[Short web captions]
↓

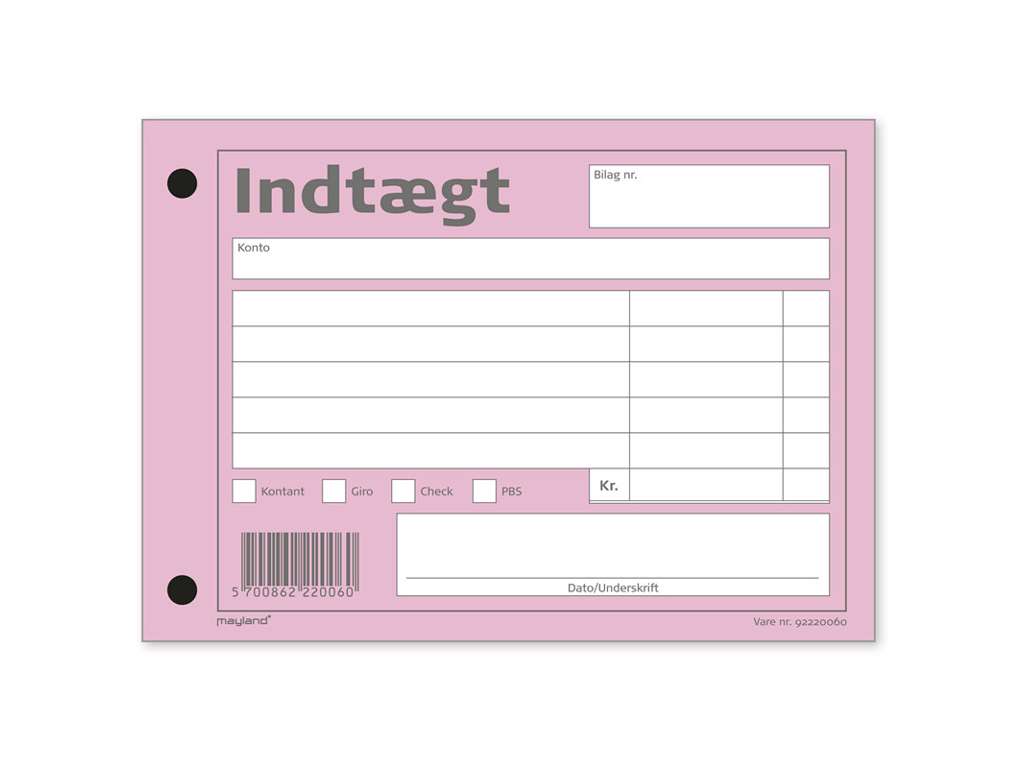 BLANKET INDTÆGTSBILAG 100 BLADE 100 X 148 MM. 92 2200 60 92220060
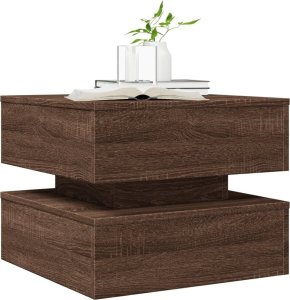 vidaXL Stolik kawowy z oświetleniem LED, brązowy dąb, 50x50x40 cm 6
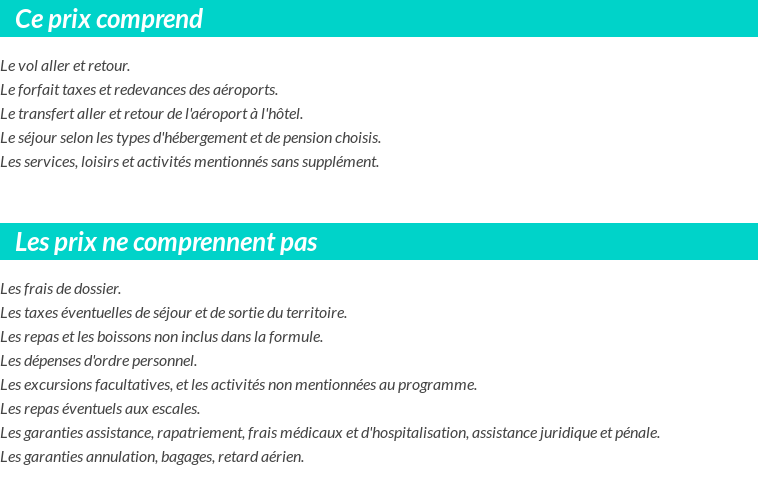 Conditions tarifaires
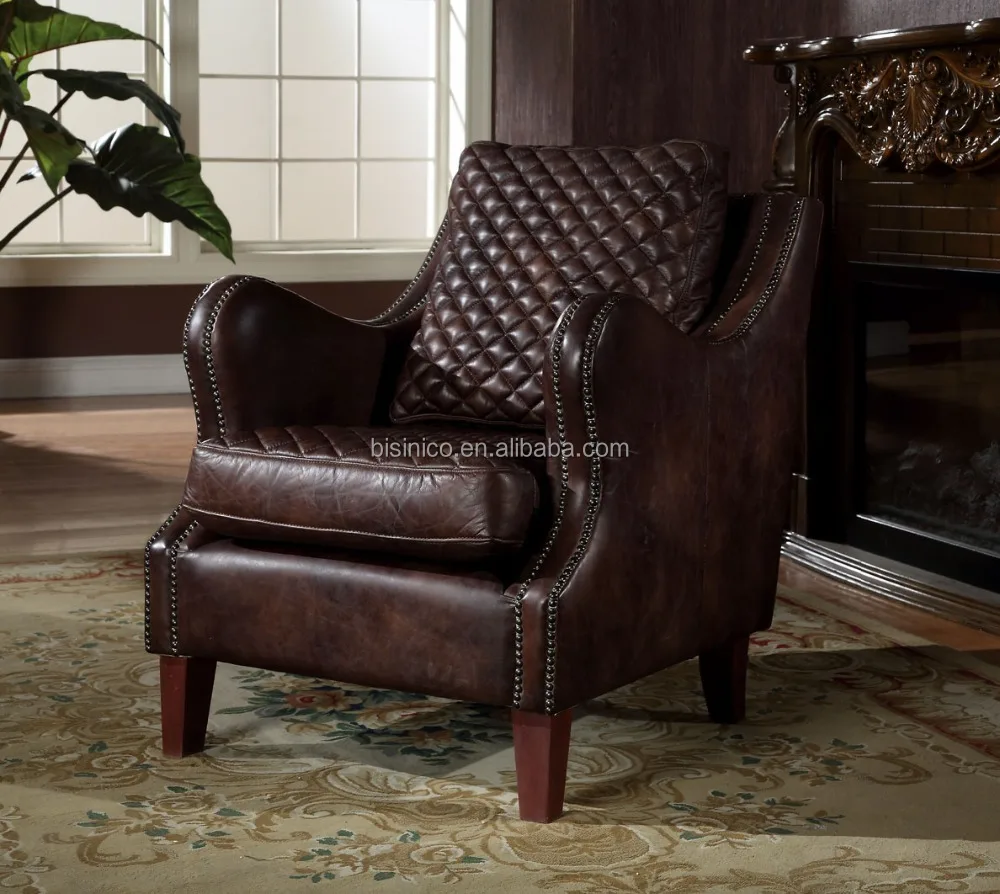 Vintage Italian Brown Leather Club Arm Chair With Nail Head/Cigar Leather Chair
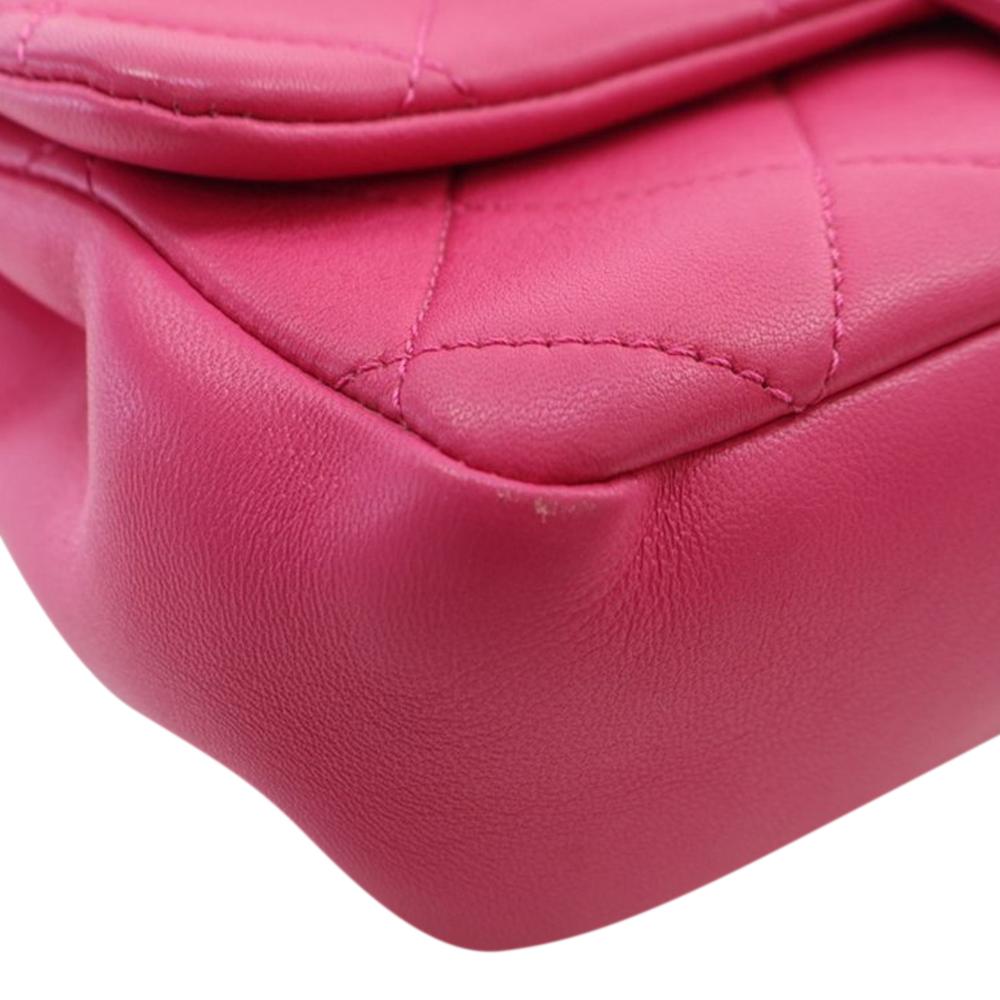 Chanel AB Chanel Pink Dark Pink Lambskin Leather Leather Small Lambskin Elegant Chain Single Flap Italy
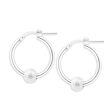 Sterling Silver Stardust Ball Hoop Earrings 20mm Fashion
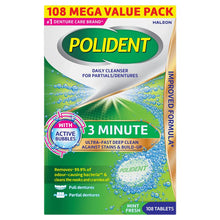 Polident 3 Minute Denture Cleanser 108 Tablets Exclusive Size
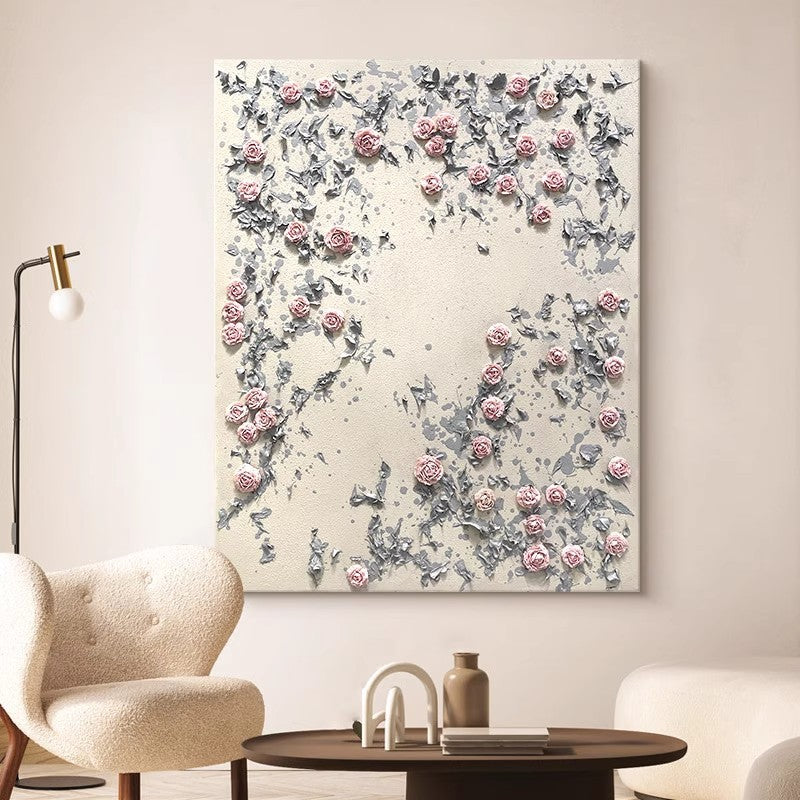 Textured Floral Relief Canvas Wall Art Homeandso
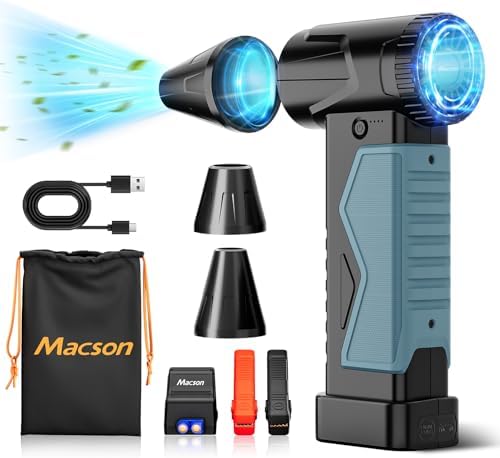 6000A Jump Starter with Air Blower, 150000RPM Portable Car Battery Booster, 3-in-1 Rechargeable Emergency Starter with LED Light & Compressed Air Duster for Car & Home by HOME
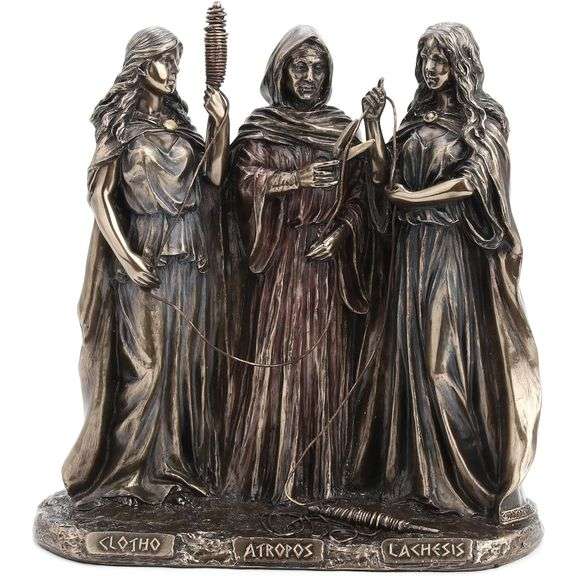 The Three Fates of Destiny Antique Bronze Finish Greek Statue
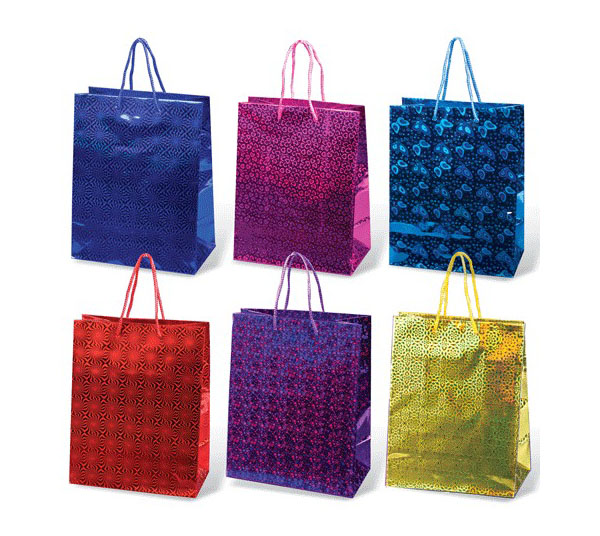Пакет подарочный Grandgift ламинированный 18х23х10 см голографический цвет ассорти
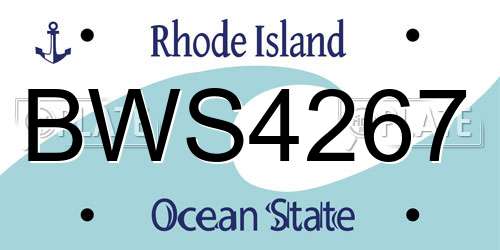 BWS4267 Rhode Island License Plate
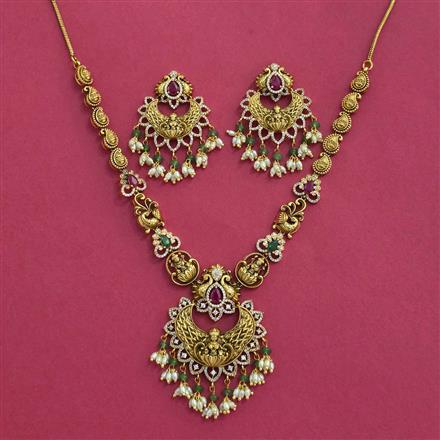 Antique South Indian Necklace Set With Matte Gold Plating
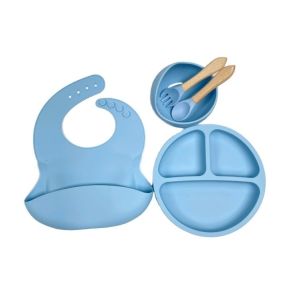 Silicone Baby Feeding Set Bpa Free Dinnerware Type with Bowl Bottle Spoon and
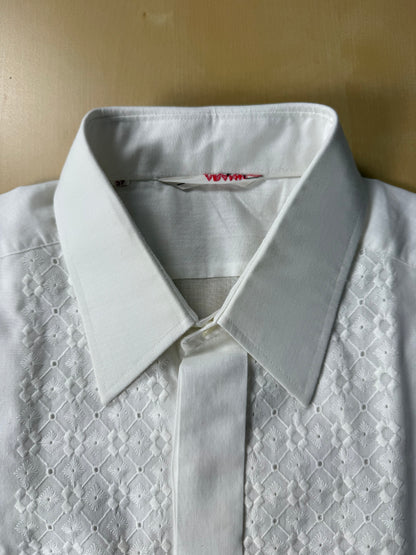 Camicia da sera anni ‘70 con ricamo - XXS, collo 38
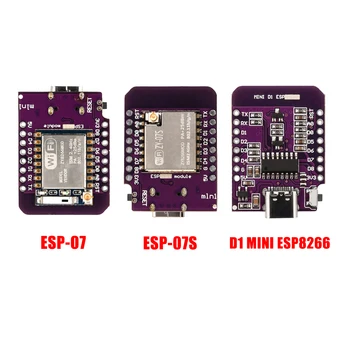 Такса за разработка на TYPE-C ESP8266 ESP-07/07S CH340G USB D1 WIFI Mini С вградени контакти за 32-битов микроконтролер MCU за 80 МГц160 Mhz
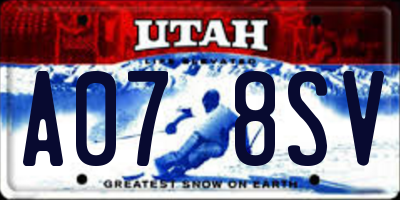 UT license plate A078SV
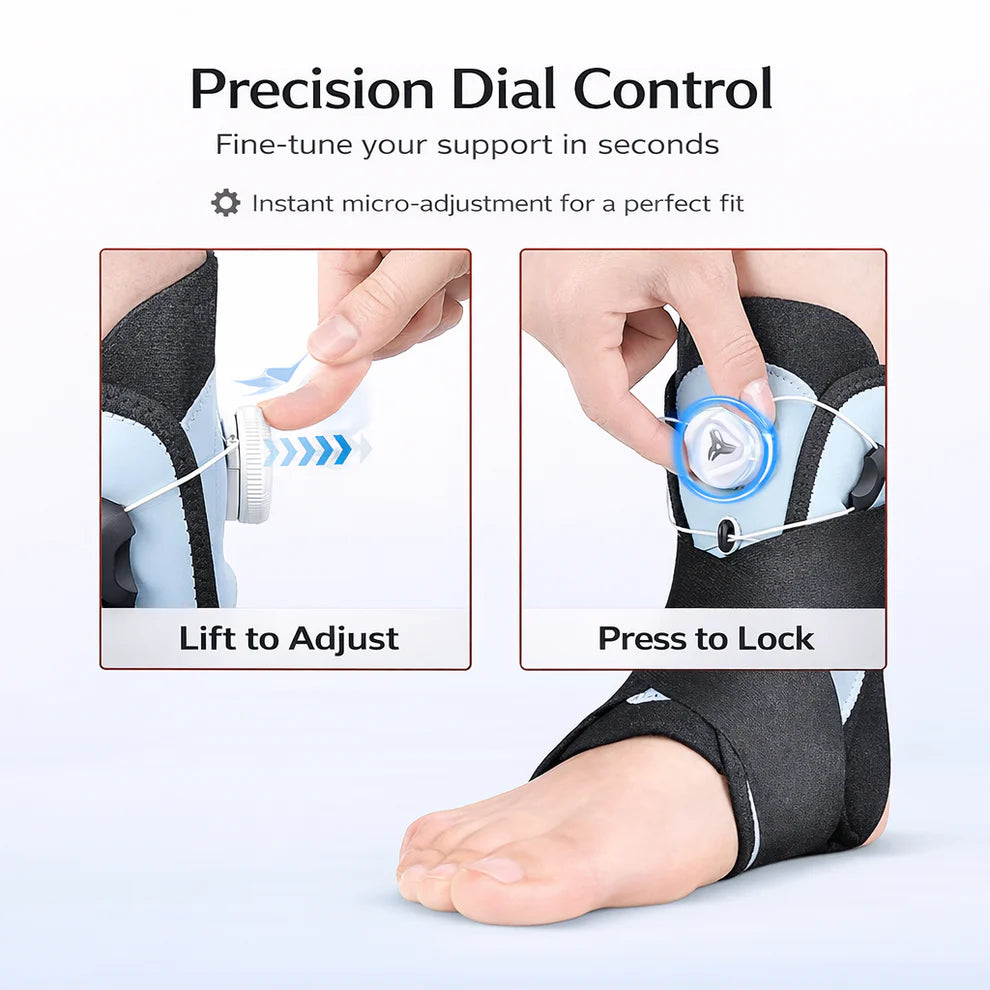 True Ankle Brace - Adjustable Dial Support for Pain Relief & Recovery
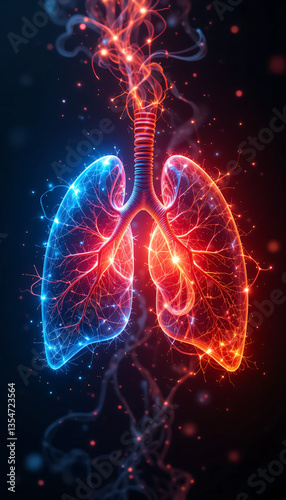 Glowing Lungs with Respiratory System.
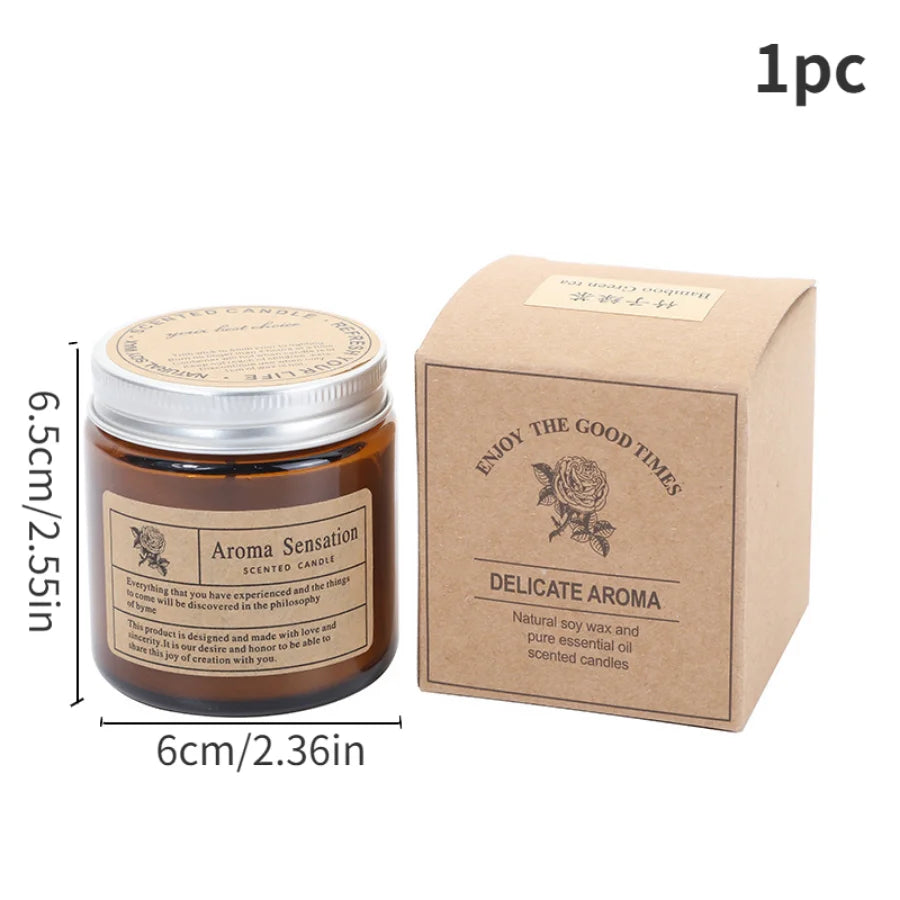 Bougie Parfumée 80mL - Pot en verre ambré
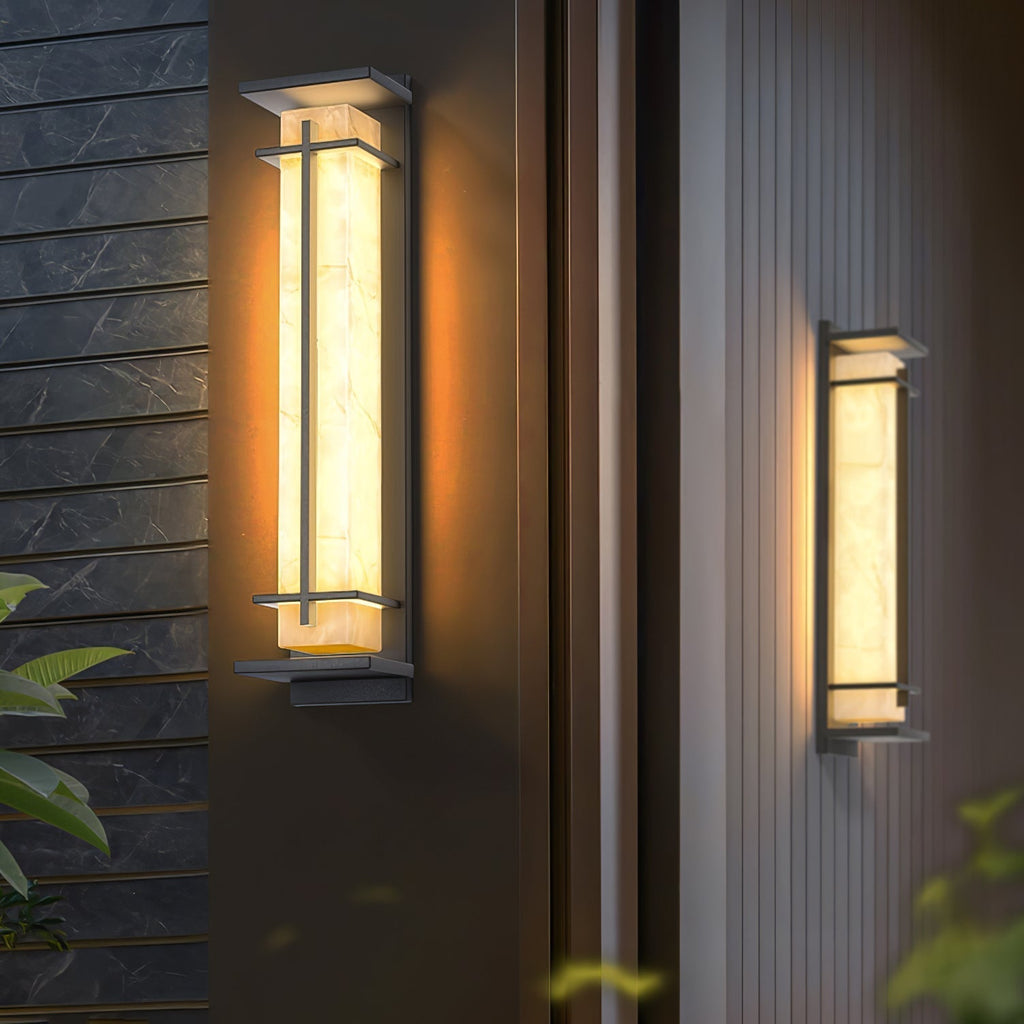 Outdoor LED Wall Light Alabaster Style Stainless Steel Exterior Lamp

↑

- [What is needed]
Once more, please print all the lines above exactly, without their pictures.

- [Output for this task]
 BLANKET INDTÆGTSBILAG 100 BLADE 100 X 148 MM. 92 2200 60 92220060
 vidaXL Stolik kawowy z oświetleniem LED, brązowy dąb, 50x50x40 cm 6
 Conditions tarifaires
 Vintage Italian Brown Leather Club Arm Chair With Nail Head/Cigar Leather Chair
 Chanel AB Chanel Pink Dark Pink Lambskin Leather Leather Small Lambskin Elegant Chain Single Flap Italy
 Sterling Silver Stardust Ball Hoop Earrings 20mm Fashion
 Polident 3 Minute Denture Cleanser 108 Tablets Exclusive Size
 Textured Floral Relief Canvas Wall Art Homeandso
 6000A Jump Starter with Air Blower, 150000RPM Portable Car Battery Booster, 3-in-1 Rechargeable Emergency Starter with LED Light & Compressed Air Duster for Car & Home by HOME
 The Three Fates of Destiny Antique Bronze Finish Greek Statue
Пакет подарочный Grandgift ламинированный 18х23х10 см голографический цвет ассорти
 BWS4267 Rhode Island License Plate
 Antique South Indian Necklace Set With Matte Gold Plating
 Silicone Baby Feeding Set Bpa Free Dinnerware Type with Bowl Bottle Spoon and
 Camicia da sera anni ‘70 con ricamo - XXS, collo 38
 Такса за разработка на TYPE-C ESP8266 ESP-07/07S CH340G USB D1 WIFI Mini С вградени контакти за 32-битов микроконтролер MCU за 80 МГц160 Mhz
 UT license plate A078SV
 True Ankle Brace - Adjustable Dial Support for Pain Relief & Recovery
 Glowing Lungs with Respiratory System.
 Bougie Parfumée 80mL - Pot en verre ambré
 Outdoor LED Wall Light Alabaster Style Stainless Steel Exterior Lamp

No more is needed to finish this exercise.